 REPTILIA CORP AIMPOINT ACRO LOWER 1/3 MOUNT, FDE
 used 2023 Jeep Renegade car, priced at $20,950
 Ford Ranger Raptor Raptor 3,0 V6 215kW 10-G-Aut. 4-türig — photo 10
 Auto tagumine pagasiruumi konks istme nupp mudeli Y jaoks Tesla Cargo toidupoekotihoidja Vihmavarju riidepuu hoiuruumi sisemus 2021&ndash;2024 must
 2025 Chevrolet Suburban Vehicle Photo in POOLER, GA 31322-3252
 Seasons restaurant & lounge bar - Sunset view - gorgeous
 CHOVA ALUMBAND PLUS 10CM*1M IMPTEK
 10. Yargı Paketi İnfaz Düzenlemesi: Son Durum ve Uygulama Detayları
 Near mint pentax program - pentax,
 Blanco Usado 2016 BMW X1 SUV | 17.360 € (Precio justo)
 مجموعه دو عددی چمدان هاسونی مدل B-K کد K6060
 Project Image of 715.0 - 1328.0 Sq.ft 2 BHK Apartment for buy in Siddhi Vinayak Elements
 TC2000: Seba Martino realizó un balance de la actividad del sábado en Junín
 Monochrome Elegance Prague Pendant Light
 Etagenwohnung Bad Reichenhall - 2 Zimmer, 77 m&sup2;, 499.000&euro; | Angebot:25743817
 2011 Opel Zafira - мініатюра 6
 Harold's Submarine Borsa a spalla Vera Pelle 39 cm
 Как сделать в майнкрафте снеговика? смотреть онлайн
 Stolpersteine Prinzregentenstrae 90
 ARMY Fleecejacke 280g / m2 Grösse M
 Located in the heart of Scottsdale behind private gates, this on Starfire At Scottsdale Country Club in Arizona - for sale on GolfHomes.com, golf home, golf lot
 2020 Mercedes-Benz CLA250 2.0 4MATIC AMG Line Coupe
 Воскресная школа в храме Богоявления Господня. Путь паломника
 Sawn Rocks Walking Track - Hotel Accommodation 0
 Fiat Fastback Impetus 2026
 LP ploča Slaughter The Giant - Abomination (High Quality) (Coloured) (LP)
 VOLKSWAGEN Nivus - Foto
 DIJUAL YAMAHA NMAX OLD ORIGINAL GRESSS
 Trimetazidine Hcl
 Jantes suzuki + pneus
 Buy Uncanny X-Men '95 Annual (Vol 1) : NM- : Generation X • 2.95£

::::

PROBLEM TO SOLVE » Repeat all of the records verbatim, leaving nothing out.

WRITTEN RESPONSE »
 REPTILIA CORP AIMPOINT ACRO LOWER 1/3 MOUNT, FDE
 used 2023 Jeep Renegade car, priced at $20,950
 Ford Ranger Raptor Raptor 3,0 V6 215kW 10-G-Aut. 4-türig — photo 10
 Auto tagumine pagasiruumi konks istme nupp mudeli Y jaoks Tesla Cargo toidupoekotihoidja Vihmavarju riidepuu hoiuruumi sisemus 2021&ndash;2024 must
 2025 Chevrolet Suburban Vehicle Photo in POOLER, GA 31322-3252
 Seasons restaurant & lounge bar - Sunset view - gorgeous
 CHOVA ALUMBAND PLUS 10CM*1M IMPTEK
 10. Yargı Paketi İnfaz Düzenlemesi: Son Durum ve Uygulama Detayları
 Near mint pentax program - pentax,
 Blanco Usado 2016 BMW X1 SUV | 17.360 € (Precio justo)
 مجموعه دو عددی چمدان هاسونی مدل B-K کد K6060
 Project Image of 715.0 - 1328.0 Sq.ft 2 BHK Apartment for buy in Siddhi Vinayak Elements
 TC2000: Seba Martino realizó un balance de la actividad del sábado en Junín
 Monochrome Elegance Prague Pendant Light
 Etagenwohnung Bad Reichenhall - 2 Zimmer, 77 m&sup2;, 499.000&euro; | Angebot:25743817
 2011 Opel Zafira - мініатюра 6
 Harold's Submarine Borsa a spalla Vera Pelle 39 cm
 Как сделать в майнкрафте снеговика? смотреть онлайн
 Stolpersteine Prinzregentenstrae 90
 ARMY Fleecejacke 280g / m2 Grösse M
 Located in the heart of Scottsdale behind private gates, this on Starfire At Scottsdale Country Club in Arizona - for sale on GolfHomes.com, golf home, golf lot
 2020 Mercedes-Benz CLA250 2.0 4MATIC AMG Line Coupe
 Воскресная школа в храме Богоявления Господня. Путь паломника
 Sawn Rocks Walking Track - Hotel Accommodation 0
 Fiat Fastback Impetus 2026
 LP ploča Slaughter The Giant - Abomination (High Quality) (Coloured) (LP)
 VOLKSWAGEN Nivus - Foto
 DIJUAL YAMAHA NMAX OLD ORIGINAL GRESSS
 Trimetazidine Hcl
 Jantes suzuki + pneus
 Buy Uncanny X-Men '95 Annual (Vol 1) : NM- : Generation X • 2.95£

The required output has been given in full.